** Task **
Please set down only the lines below starting with the line with "Единственный сохранившийся дом" and going on through the line with "中国陕西西安元宵节期间游客在城墙上观赏灯笼装饰视频的预览图", verbatim and without pictures.

Scraped caption text data

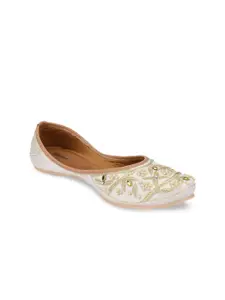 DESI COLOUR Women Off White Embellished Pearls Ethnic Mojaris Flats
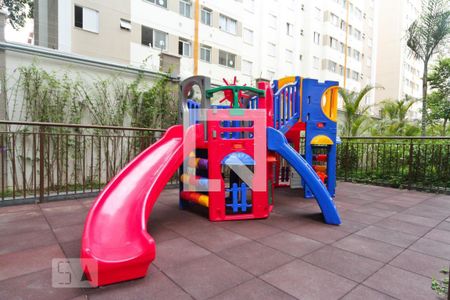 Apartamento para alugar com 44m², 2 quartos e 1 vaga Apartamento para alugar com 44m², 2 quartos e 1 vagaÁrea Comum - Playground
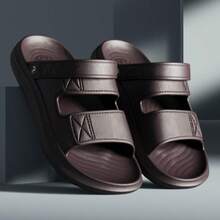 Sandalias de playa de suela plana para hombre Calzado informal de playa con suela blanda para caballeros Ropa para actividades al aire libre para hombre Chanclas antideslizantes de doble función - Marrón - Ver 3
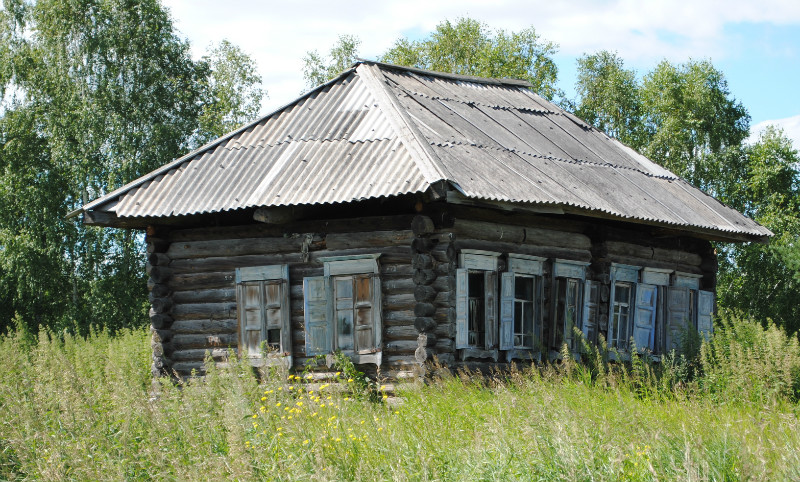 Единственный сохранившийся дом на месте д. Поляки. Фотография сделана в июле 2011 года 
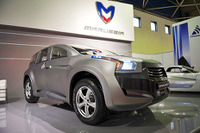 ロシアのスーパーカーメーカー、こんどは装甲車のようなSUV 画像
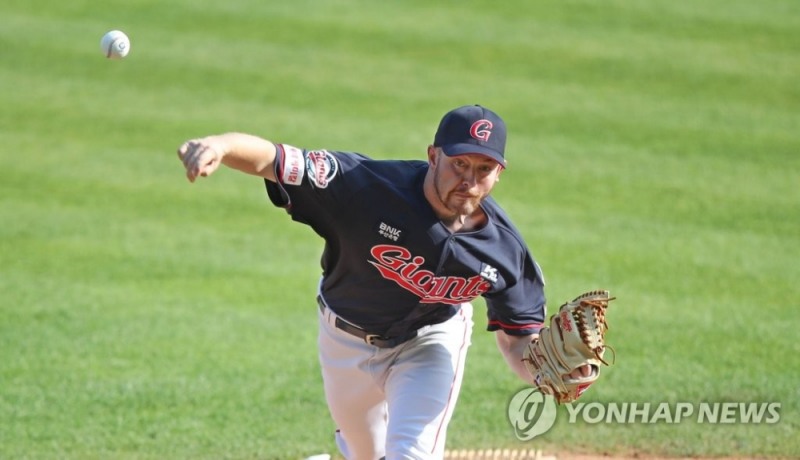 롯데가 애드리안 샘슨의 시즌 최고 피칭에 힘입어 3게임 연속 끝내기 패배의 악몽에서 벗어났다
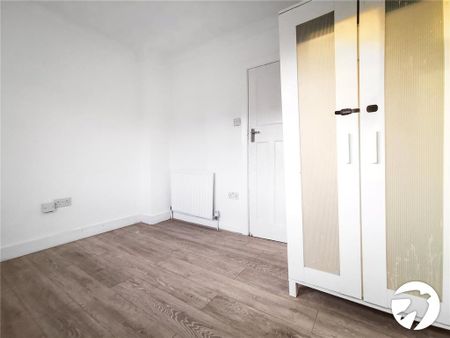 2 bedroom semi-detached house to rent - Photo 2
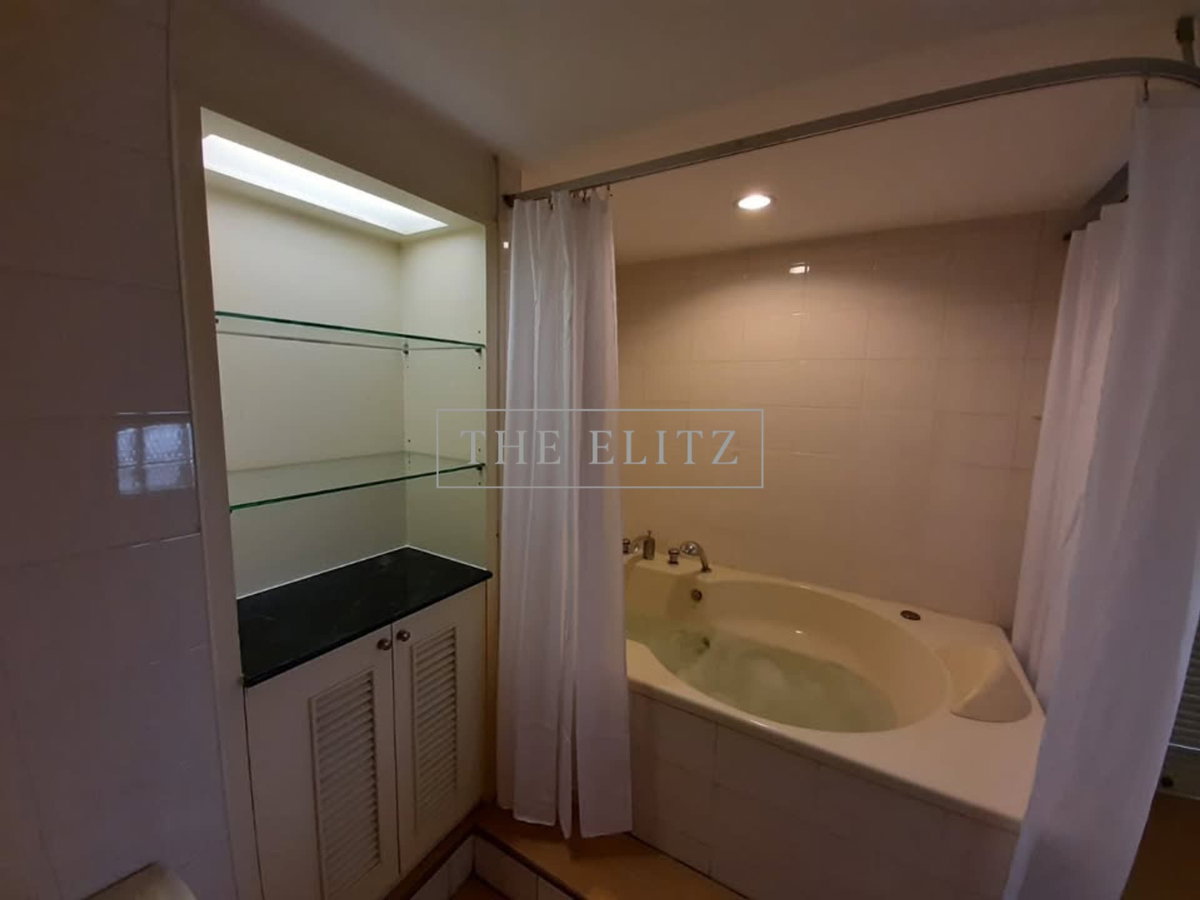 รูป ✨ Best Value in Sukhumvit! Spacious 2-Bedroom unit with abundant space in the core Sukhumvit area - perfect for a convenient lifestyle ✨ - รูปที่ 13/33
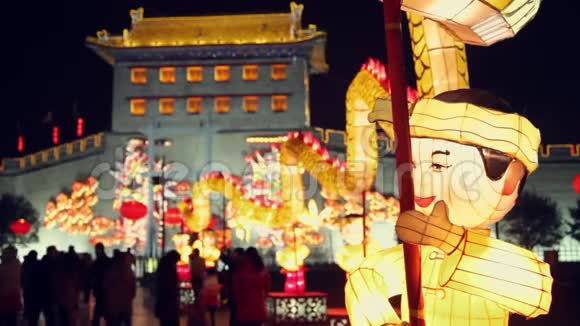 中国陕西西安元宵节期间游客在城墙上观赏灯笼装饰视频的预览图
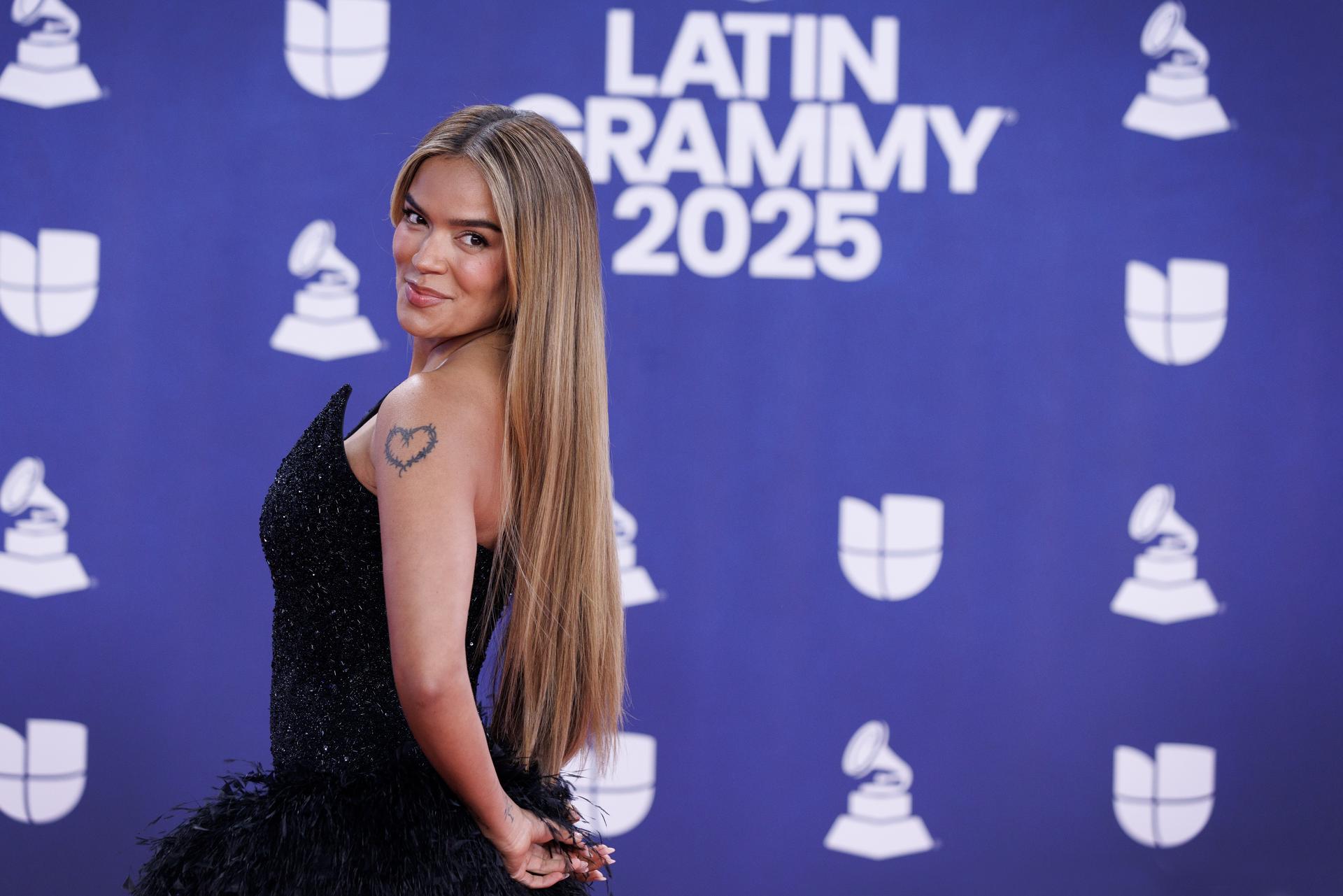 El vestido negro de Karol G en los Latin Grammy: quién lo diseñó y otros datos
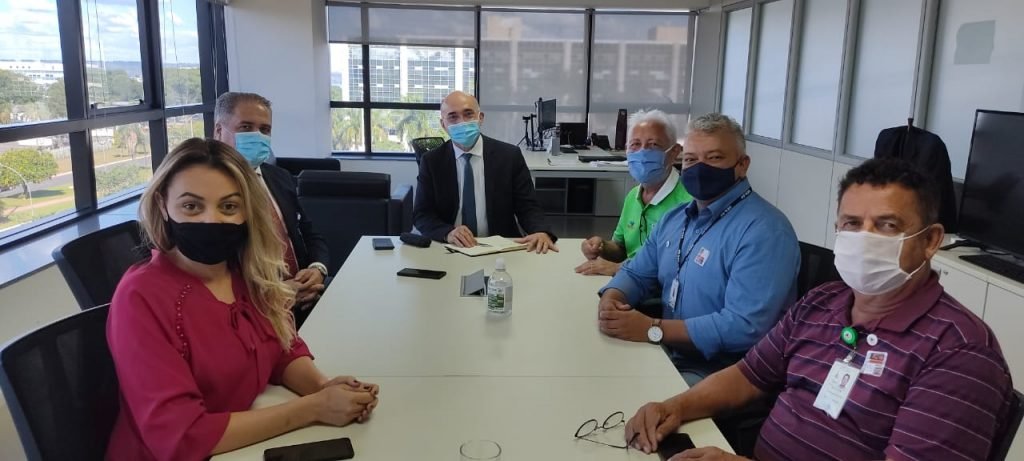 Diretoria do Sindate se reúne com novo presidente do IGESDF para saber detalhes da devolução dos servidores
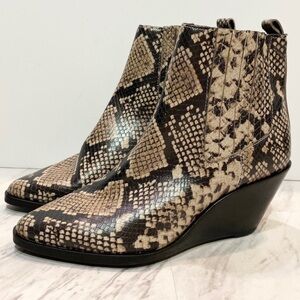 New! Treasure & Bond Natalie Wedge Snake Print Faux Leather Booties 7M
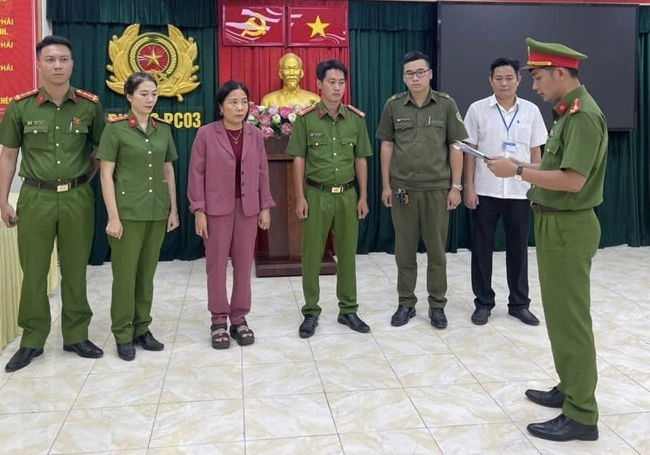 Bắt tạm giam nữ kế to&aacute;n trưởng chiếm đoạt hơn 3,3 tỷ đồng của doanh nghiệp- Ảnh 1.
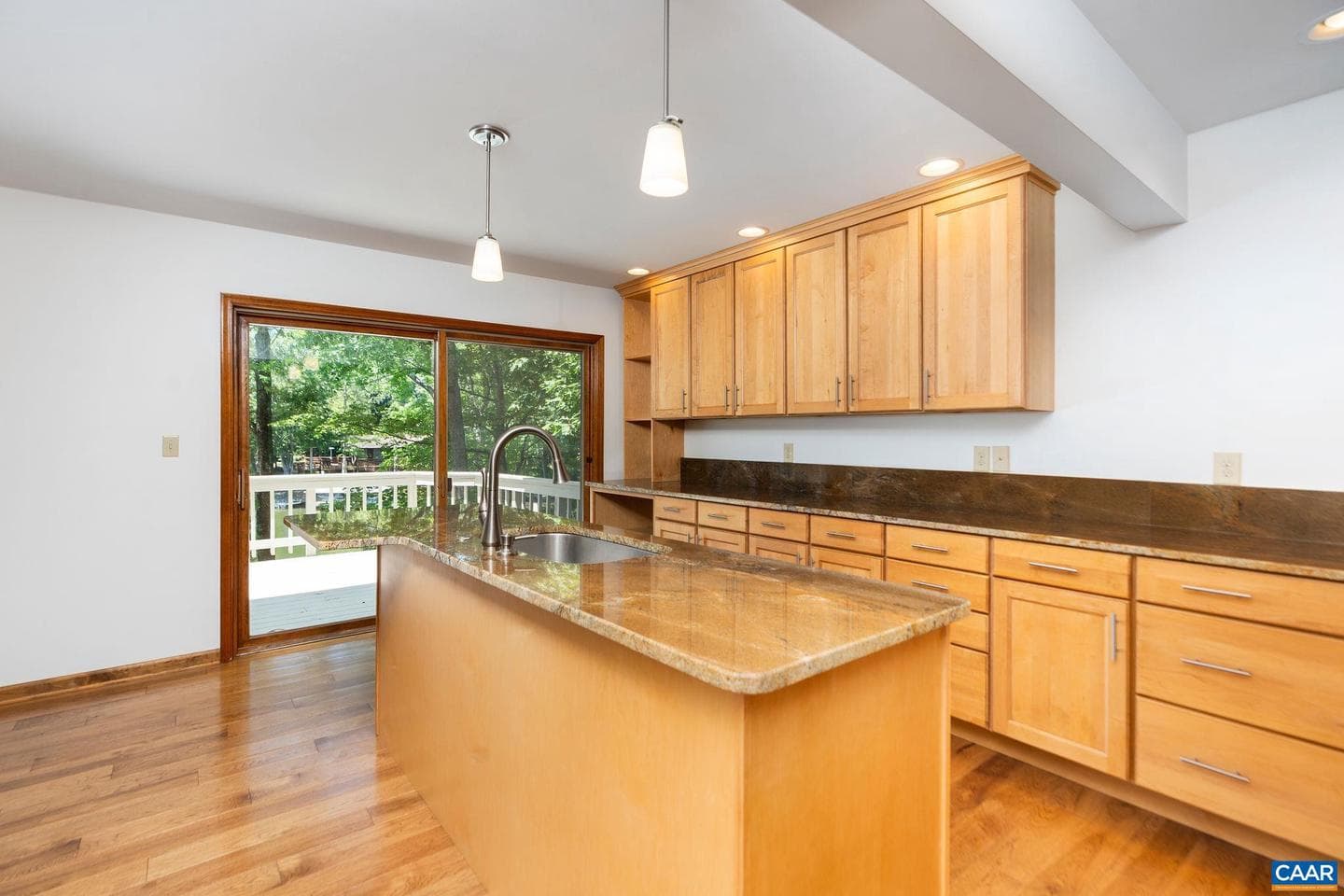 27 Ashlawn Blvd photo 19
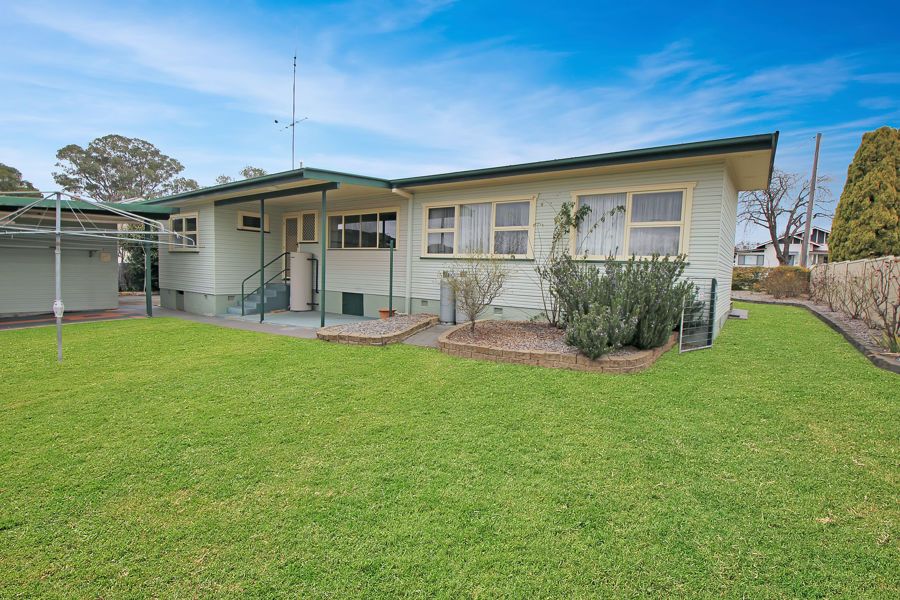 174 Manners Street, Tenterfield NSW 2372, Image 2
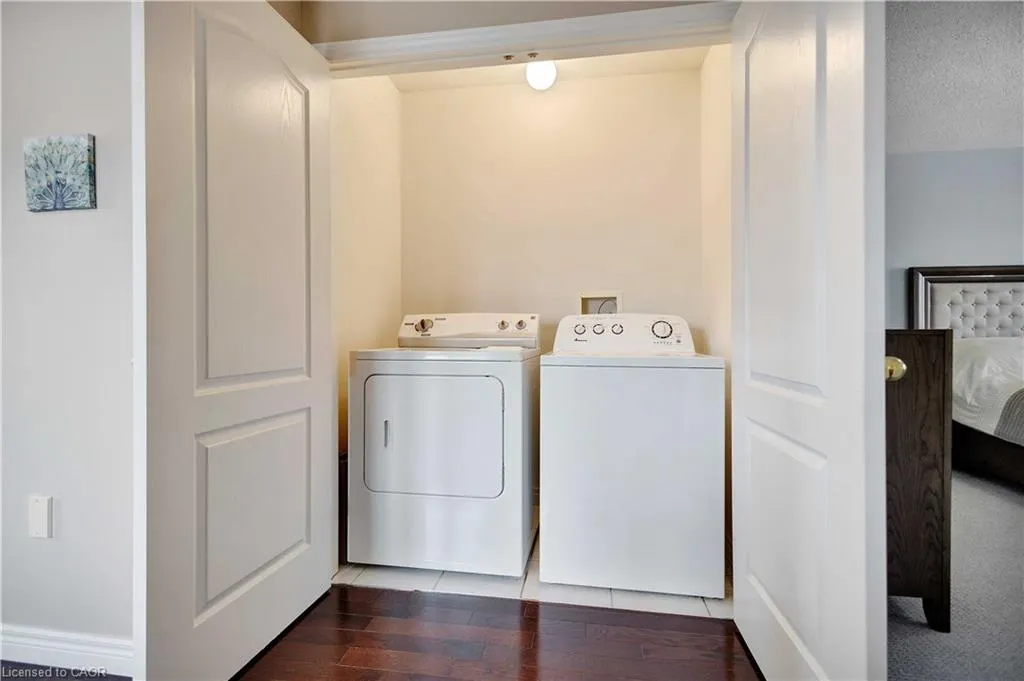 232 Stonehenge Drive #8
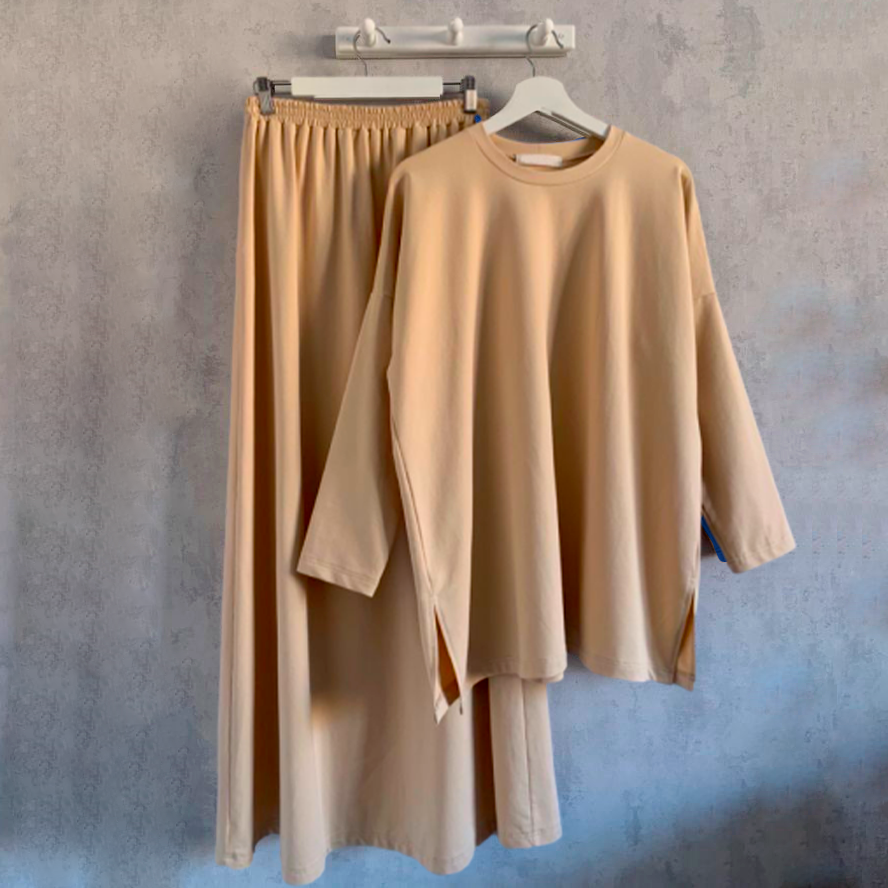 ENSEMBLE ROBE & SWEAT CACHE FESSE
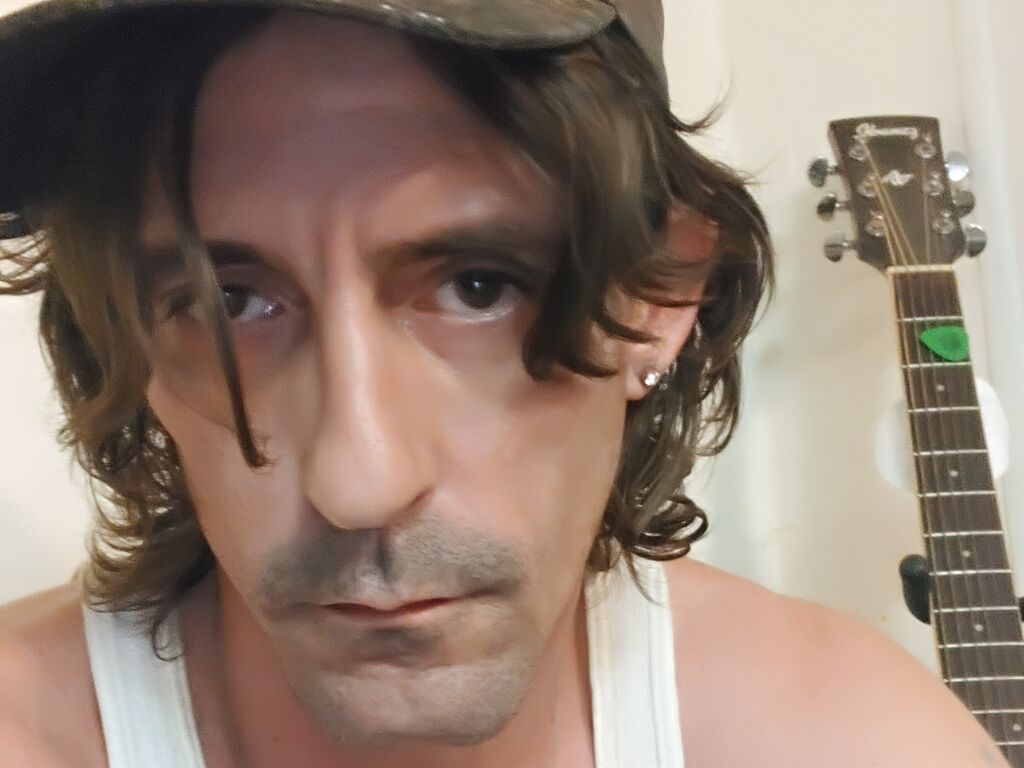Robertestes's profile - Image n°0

** Output of the exercise **
 Единственный сохранившийся дом на месте д. Поляки. Фотография сделана в июле 2011 года 
 ロシアのスーパーカーメーカー、こんどは装甲車のようなSUV 画像
 롯데가 애드리안 샘슨의 시즌 최고 피칭에 힘입어 3게임 연속 끝내기 패배의 악몽에서 벗어났다
 2 bedroom semi-detached house to rent - Photo 2
 รูป ✨ Best Value in Sukhumvit! Spacious 2-Bedroom unit with abundant space in the core Sukhumvit area - perfect for a convenient lifestyle ✨ - รูปที่ 13/33
 中国陕西西安元宵节期间游客在城墙上观赏灯笼装饰视频的预览图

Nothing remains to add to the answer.